For the three artists featured in The Stories We Tell: Tommy Simpson, Michelle Holzapfel, and Binh Pho, wood is their main medium of expression. Each of these artists transforms their “tabula rasa” from an ordinary object to an extraordinary story. This exhibition is divided into three separate sections with three separate subtitles: Tommy Simpson’s Love Letters to the Natural World, Michelle Holzapfel’s From What’s at Hand, and Binh Pho’s Shadow of the Turning.


Tommy Simpson, Sunshine in My Sky, 2011. Painted wood.

Tommy Simpson Talk “Love Letters to the Natural World” Saturday, April 12, 2:00 pm.

Wood Turning Demo and 3:00 pm talk “Shadow of the Turning” with artist Binh Pho, Sunday, May 4, 10:00 am – 4:00 pm.

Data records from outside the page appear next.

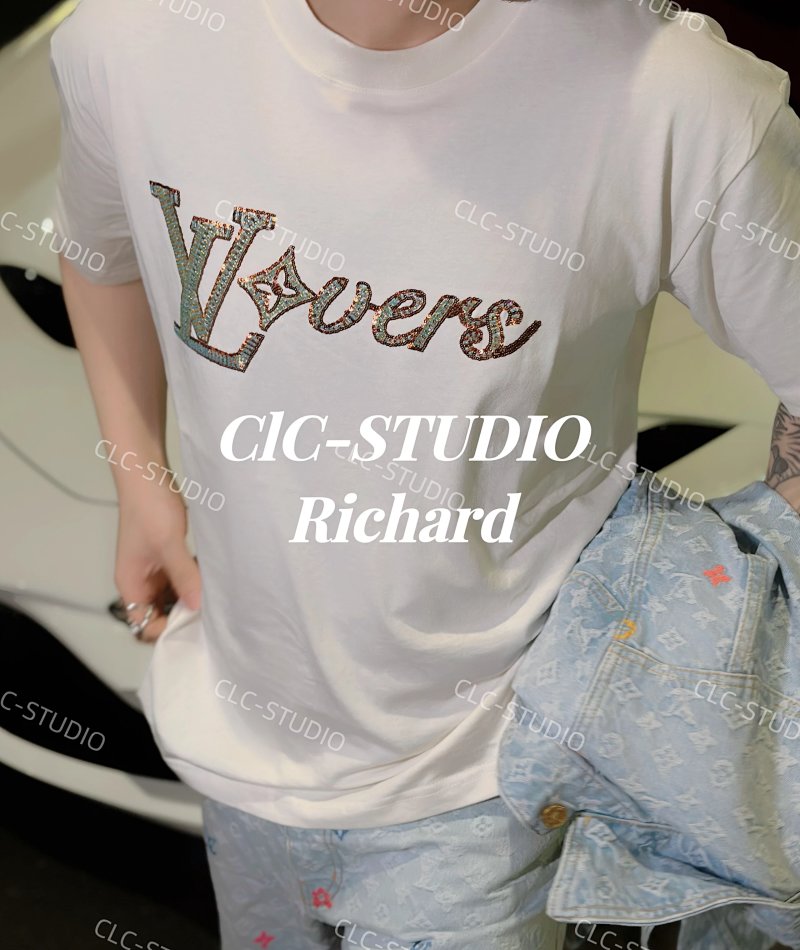 V Pharrell Prefall DL2.0 Logo T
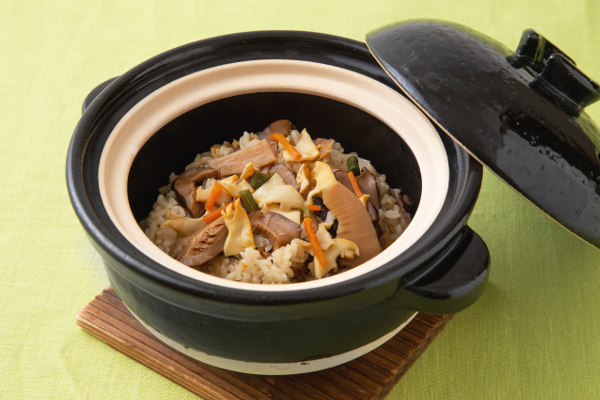 伝統の醤と製法で仕上げた「参宮あわび」の名店・「伊勢せきや」が作る本格炊き込みごはんの素
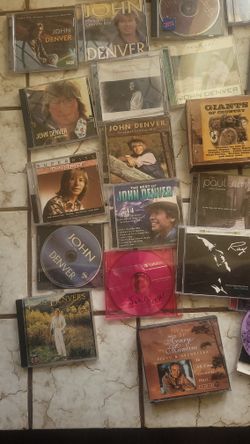 Over 75 Cds Country And 50s To 80s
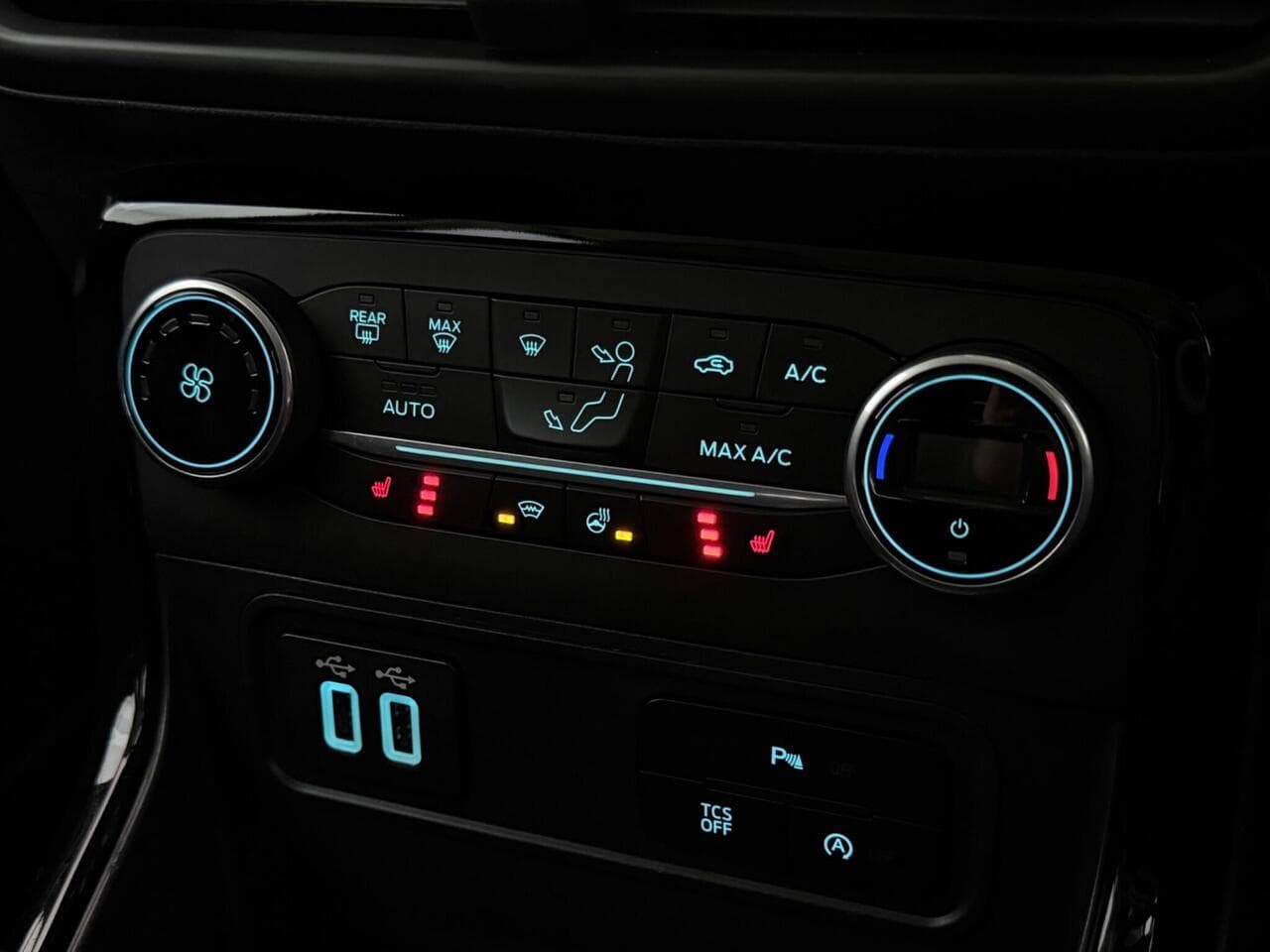 Ford EcoSport thumbnail Misc Controls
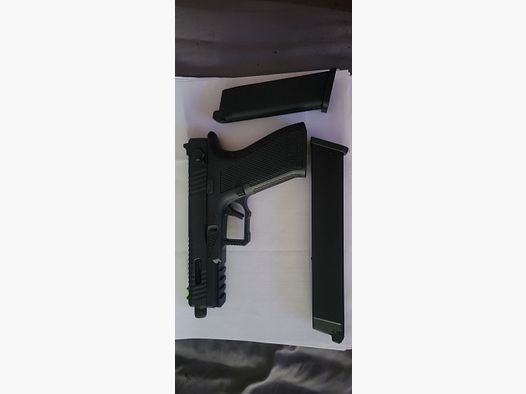 Neuwertige Novritch  ssp 18  + 50 er gasmagazin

Michelle Holzapfel Talks About “From What’s at Hand” Sunday, June 1, 2:00 pm.

About Tommy Simpson:

With a career that spans five decades, Tommy Simpson is an “imaginist” who skillfully works in multiple mediums. In Love Letters to the Natural World, his carved wood sculptures, studio furniture, and textiles brim with playfulness and illustrate our universal connections to nature. Simpson incorporates text and a visual vocabulary of representational elements (figures, animals, symbols of the natural world) to express his profound reverence for nature.

About Michelle Holzapfel:

Michelle Holzapfel’s exhibit From What’s at Hand presents her sumptuous carvings that reveal the importance of her process and a deep understanding of the material. Rather than seeking perfection, Michelle embraces the natural defects in wood, transforming inherent flaws into true beauty. Holzapfel was one of the first female turners to achieve widespread acclaim in a male-dominated field, and much of her sculptures explore crisscrossing themes of gender roles, domesticity, cultural norms, nature, and chance.

About Binh Pho:

Binh Pho creates a mystical, intricately-detailed world in his piece called Shadow of the Turning, which is developed to illustrate the fictional work (of the same name) by writer/curator, Kevin Wallace. Binh Pho’s finely detailed objects create a bridge between literature, art, and philosophy, while exploring autobiographical approaches to storytelling through woodturning, sculpture, painting, and glass.

Binh Pho

Binh Pho, Descendant of the Dream (1). Box elder, acrylic paints.